Actually it's very simple, really. Despite Democratic wins at the ballot box back in November, and the recommendations of the so-called Iraq Study Group, chaired by Bush Family consigliari James Baker, III, President George W. Bush will do exactly whatever he wants in Iraq.
Look, Bush is probably the most ignorant, ill-informed...aww hell, he's just plain stupid...president in the country's history. But some one has been coaching Dubya on Constitutional history; undeclared wars have long been a feature of American government and a prerogative of presidents*. Add to this toxic brew of Constitutional precedent and magalomania, within the form of "our" president, the modern mainstream media, a pack of fat, pampered lapdogs, plus "bi"-partisan Democrats (Joe Lieberman) and you have the receipt for more of the same in Iraq.
Here's what I mean. In the New York Times ,"...Representative John P. Murtha of Pennsylvania...said he expected Congress to move to restrict funding for new troop deployments — or at the very least tie approval to a set of stringent conditions the White House would have to meet first.
But a couple of paragraphs down Democratic chairmen of the Senate Armed Services Committee, Carl Levin, says, "...he did not believe Congress should 'use the power of the purse' to halt the president’s plan and should go no further than approving non-binding resolutions opposing it."

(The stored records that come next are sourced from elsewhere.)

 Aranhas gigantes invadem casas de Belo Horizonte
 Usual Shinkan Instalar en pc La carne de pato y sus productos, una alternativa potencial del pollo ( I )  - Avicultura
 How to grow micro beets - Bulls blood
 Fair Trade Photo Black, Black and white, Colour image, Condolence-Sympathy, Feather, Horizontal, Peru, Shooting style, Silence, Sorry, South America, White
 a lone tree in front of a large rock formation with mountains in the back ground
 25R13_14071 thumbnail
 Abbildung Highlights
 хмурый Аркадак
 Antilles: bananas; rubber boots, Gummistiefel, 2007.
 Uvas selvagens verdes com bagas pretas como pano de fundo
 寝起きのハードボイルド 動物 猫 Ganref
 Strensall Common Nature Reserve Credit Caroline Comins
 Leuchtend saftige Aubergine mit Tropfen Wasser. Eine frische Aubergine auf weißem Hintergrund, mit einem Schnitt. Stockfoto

Got that. A U.S. Representative, the power of the federal purse resides in the U.S. House, predicts, not a cut-off but a reduction in funding for new troop deployments. What that really means is that funding for American forces in Iraq at present levels will continue, just nothing for throwing additional fresh bodies into the mix. Meanwhile across the Capitol Hall, a supposedly staunch Senatorial critic of the president says Congress should do nothing more than wag its finger at Bush.

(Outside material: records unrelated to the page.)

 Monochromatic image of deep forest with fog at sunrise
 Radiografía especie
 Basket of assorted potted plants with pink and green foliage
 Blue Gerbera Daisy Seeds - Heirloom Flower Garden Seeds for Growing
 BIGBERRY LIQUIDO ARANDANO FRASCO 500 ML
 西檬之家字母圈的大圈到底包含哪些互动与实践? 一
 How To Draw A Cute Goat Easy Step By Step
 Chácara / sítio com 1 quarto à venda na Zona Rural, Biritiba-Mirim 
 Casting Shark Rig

This same article then goes on with a prescient observation by pretty-boy National Security Adviser Stephen J. Hadley, after disclosing there already exsists a sufficient funds to carryout the presidnet's wishes of an Iraq troop increase,“I think once they get in harm’s way, Congress’s tradition is to support those troops[.]” And so they shall.
And so shall this bloody, pointless conflict will spiral down to its inevitable conclusion, whatever that may be. My best quess is that it will end in some sort of defeat of American forces concentrated in Baghdad, along the lines of Stalingrad or the Tet offensive of 1968 or the the Black Hawk Down incident of 1993. By that I mean claustrophbic, urban warfare, brutal and bloody.
But defeat in the streets of Baghdad would never prevent the United States from wandering into future ill-favored military advesntures. Our history is replete with military debacles, disasters and defeats that are transformed, through the magic of time, prejudice and propaganda, into heroic feats of arms in the face of a superior foe, usually foreign or non-White.
The best possible course to conclude the Iraq adventure would be a general mutiny by the soldiers stationed in Baghdad; a general refusal to leave their bases or pick up their weapons. I believe the majority of the American people would support a mutiny at this time since the president and political leaders of both parties have failed to admit a monumental mistake. And if Marines stationed in Iraq's Anbar province were sent in to resort order, I do not think the American public would stand for the sight of American Marines turning their weapons on American soldiers. Nor do I think the American people would support mass drumhead courts martial of mutineers.
I hold out little hope of a mutiny. Historically mutinies by disaffected troops have toppled more corrupt governments than elections, coups d'etat or revolutions combined. I don't think our troops in Iraq have the stomach for mutiny though, they don't have the guts. They'll go on griping and bitching and doing their duty of killing some people while oppressing the rest, and dying. And this thing, Iraq, will not end in a bang but a whimper and our leaders will have learned nothing.
*America's first undeclared war was the so-called Quasi-War against France during John Adams' administration. The United States Senate never officially declared war against the Confederacy.